This is, or was until recently anyway, one of the central poems in the English tradition, read and known by every schoolchild. This is apparently one of Harold Bloom's favorite poems to claim as his own and break out in a recitation of in his public haranguings, but don't let that put you off. Harold will either be dead or too superannuated to maintain his current visibility and influence on the literary scene very soon, and the poem's greatness will long outlive his particular championing of it. I originally read and made comments on this poem on December 9, 1995. Looking over those comments I am astounded at the energy I previously had for reading. I still think it is a tremendous poem. My weary middle-aged take on it, perhaps speaking more of myself than the actual contemporary human condition, was: 'Man has become overwhelmed by his knowledge. He has overreached himself. These conceptions of human wholeness, oneness with life (i.e. in the poem) are striking. Saddening? We are moving ever away from this vision of ourselves.' I won't reproduce my entire 1995 report, though I did things like identify a symbolic meaning for nearly every image and adjective, and even note the aspects of the verbs, which sort of thing I can't be bothered with now, even assuming anybody would let me be bothered with it.

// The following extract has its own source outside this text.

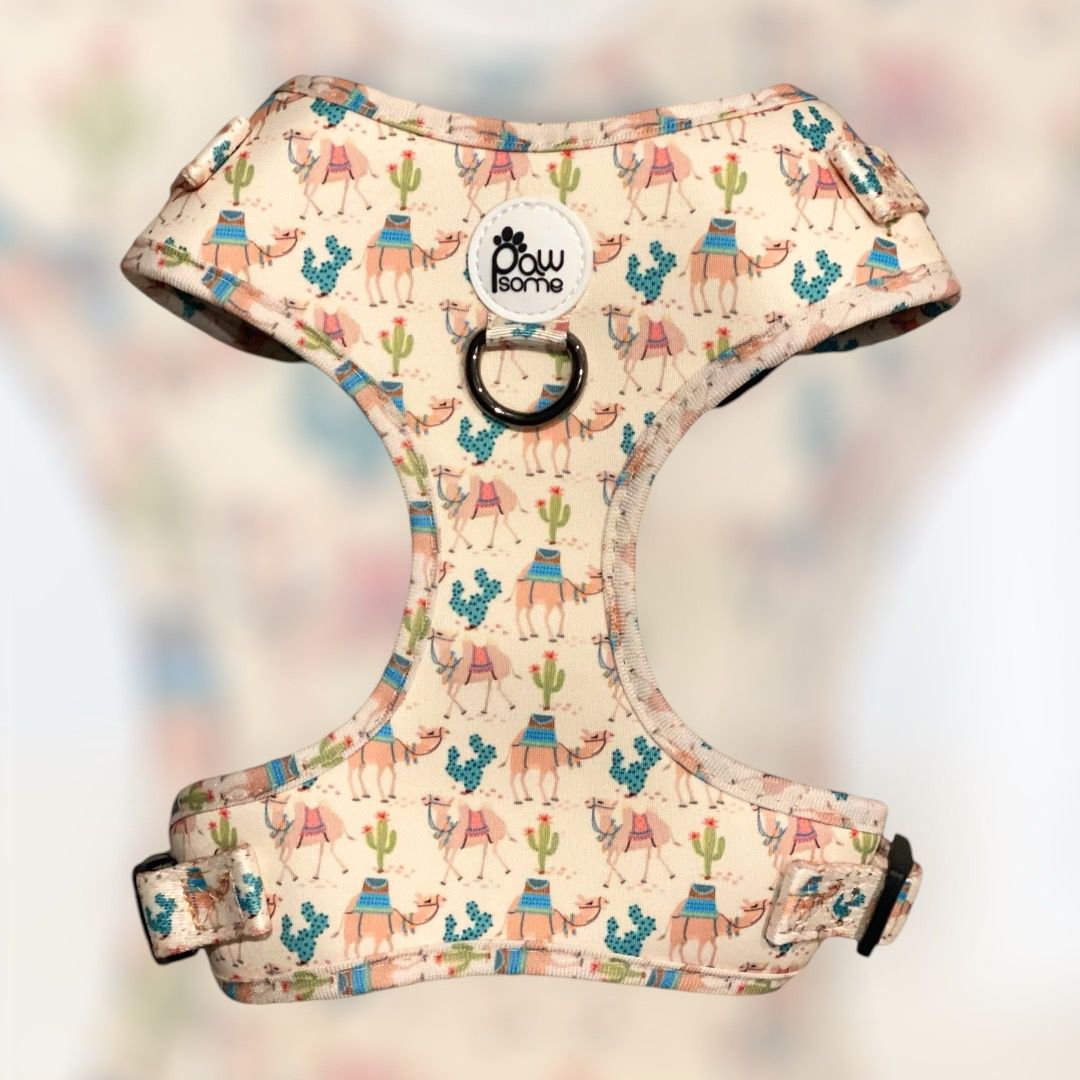 Pawsome - Camels On Tour Dog Vest Harness - Image 4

I will record a few of the observations I made on the poem in that former reading, which looks to me to have been at least as solid as anything I am likely to get out of it now.
Images of death ("By this still hearth, among these barren crags") linked to domesticity, homebodiness.
Feminine love is ultimate end (meaning death of vitality) for man.
His subjects live like animals, seem to have limited souls ("a savage race/That hoard, and sleep, and feed, and know not me.")
"Rest" ("I cannot rest from travel") is starvation, death.
Extremes of sensation felt often and simultaneously; trying to define what it means to say Ulysses is everyman, as is often said. But what does it mean? (2009--Ulysses was clearly never "everyman" except in the sense of being a culmination [i.e., not an average] of men collectively. He is almost as unlike the run of men as is it is possible to conceive of).
"Roaming" is a good metaphor for life.
"And drunk delight of battle with my peers". 3rd nourishment reference (l.16). Battle is delirious, 'ringing'; somehow proper for men.
Why is Troy 'windy'? Winds of time, timelessness perhaps?
"I am a part of all that I have met." I.e., in a greater way than most men.
ll. 19-21: "Yet all experience is an arch wherethrough
Gleams that untraveled world whose margin fades
Forever and forever when I move."
Arches bridge gaps and support weight. Does it fade only for him or for all men through him? This is a poetic crescendo. He did change human existence through his life and agency.
ll 22-3: "How dull it is to pause, to make an end,
To rust unburnished, not to shine in use!"
The end should not be made. Lofty ideal that man should gleam and shine. But only he can let himself tarnish. Use of course is a key word.
ll 24-5 "As though to breathe were life! Life piled on life
Were all too little..."
This may be the underlying sentiment behind all of advanced human civilization. Life in itself is as nothing, like a series of infinitessimals.
"Some three suns" (l.29) I miss the sense of.
ll 30-32: "And this gray spirit yearning in desire
To follow knowledge like a sinking star,
Beyond the utmost bound of human thought."
The spirit is gray because of the bounds in which human thought is restricted. Knowledge grows dimmer and dimmer, sinking away from land, life as it becomes more real.
On the stanza entrusting the island and scepter to Telemachus (ll. 33-43): How through (Telemachus's) worldly workmanship will he subdue them to the useful and the good? This labor is the greater part of man's work, but it is nonetheless not the work of the fully realized man. Therefore the overwhelming majority of men must remain essentially unrealized. Why 'blameless'? (l. 39--of Telemachus again) One who is 'centered' (l.39) cannot exactly move or escape the center. But man is not man because a because a few of his exceptional sorts are the center creating, not the circumscribed. (2009--I'm not exactly sure what I was trying to get at here.)
The sea is ever the unknown; even now when overlook (i.e., are largely unconscious of its enormous presence) it, it is the symbol of the (myriad) unknown we overlook (i.e., our ignorance).
Mariners are by nature not so domestic, societally-directed. Possess some glimpse onto otherworldliness. They were free because they welcomed what lay seemingly far outside themselves.
ll. 50-53: "Old age hath yet his honor and his toil.
Death closes all; but something ere the end,
Some work of noble note, may yet be done,
Not unbecoming men that strove with Gods."
Twin connection of glory and man's work. Only death can properly close a work. Whole passage very classical in view.
The last 15 lines have pretty obvious symbolism. Voices of the dead. The earth no longer as an utter limit in itself. Sunsets and baths being sailed beyond, the most distant voyages being made by the concentrated powers of the mind. The idea that heaven as well as earth can be moved (altered) by superior human acts is an interesting and old-fashioned one. Perhaps this is still possible in the common human perception. Since time and fate weaken him, a man need be robust of body and vigorous of mind to move heaven or earth in the slightest.